Nothing but the text of the listing, repeated exactly, belongs in the answer; leave the images out.
+++ Provided material +++
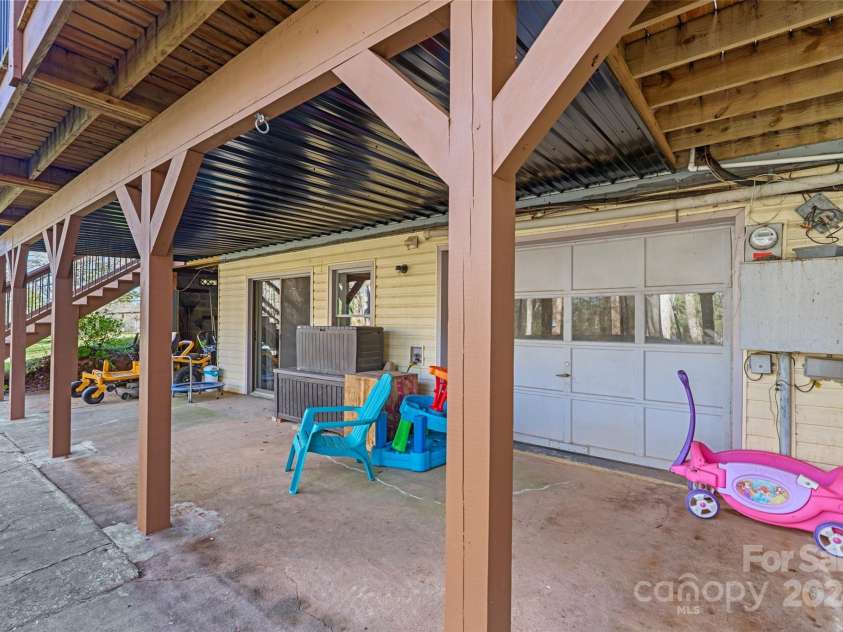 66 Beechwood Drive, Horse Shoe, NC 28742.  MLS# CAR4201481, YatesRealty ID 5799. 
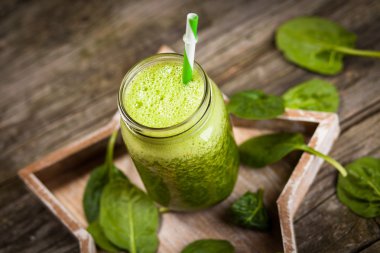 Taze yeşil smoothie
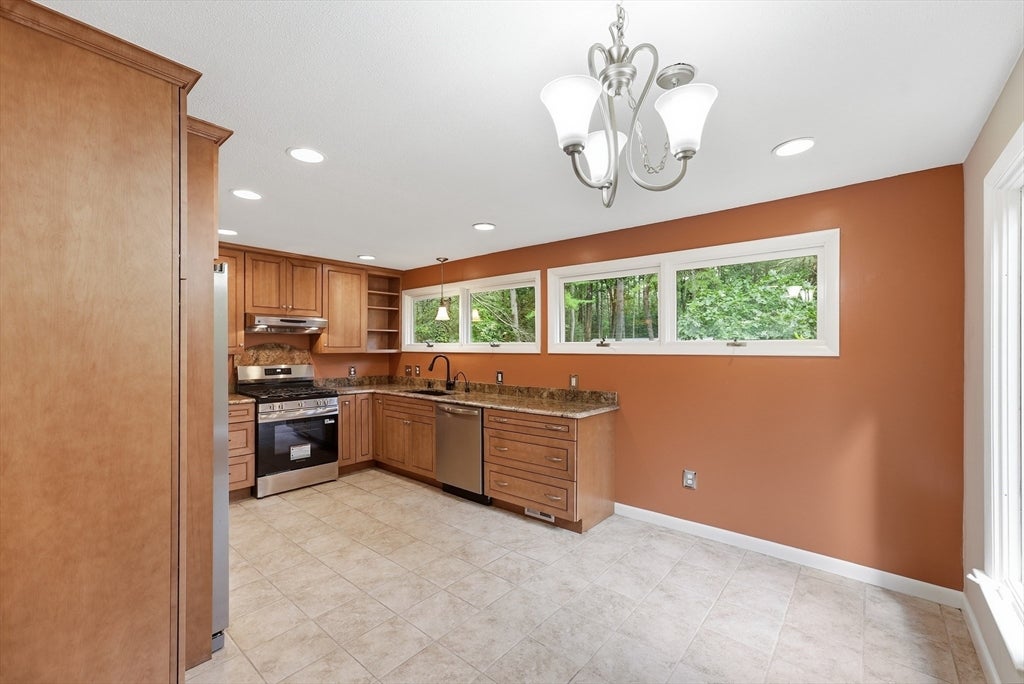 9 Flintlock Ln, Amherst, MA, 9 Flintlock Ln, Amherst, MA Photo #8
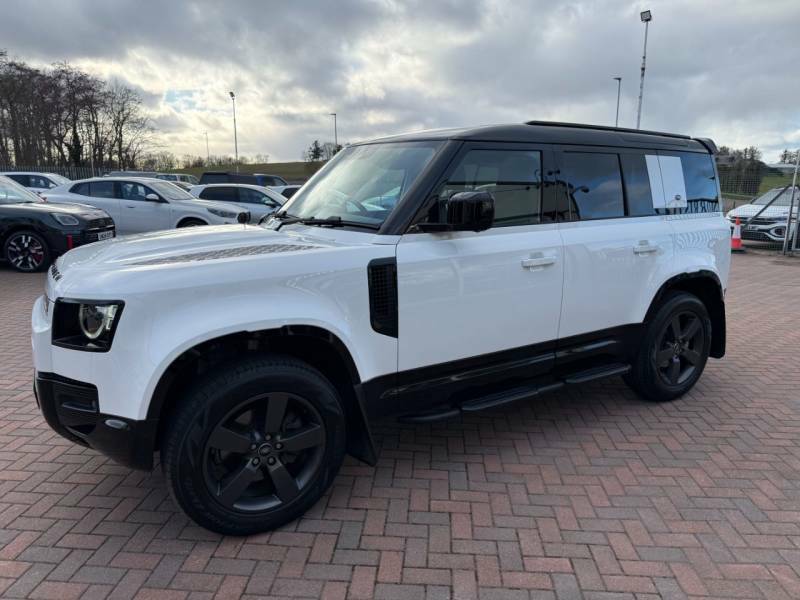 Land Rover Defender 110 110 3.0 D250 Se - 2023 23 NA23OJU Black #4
+++
Answer to the exercise>
 66 Beechwood Drive, Horse Shoe, NC 28742.  MLS# CAR4201481, YatesRealty ID 5799. 
 Taze yeşil smoothie
 9 Flintlock Ln, Amherst, MA, 9 Flintlock Ln, Amherst, MA Photo #8
 Land Rover Defender 110 110 3.0 D250 Se - 2023 23 NA23OJU Black #4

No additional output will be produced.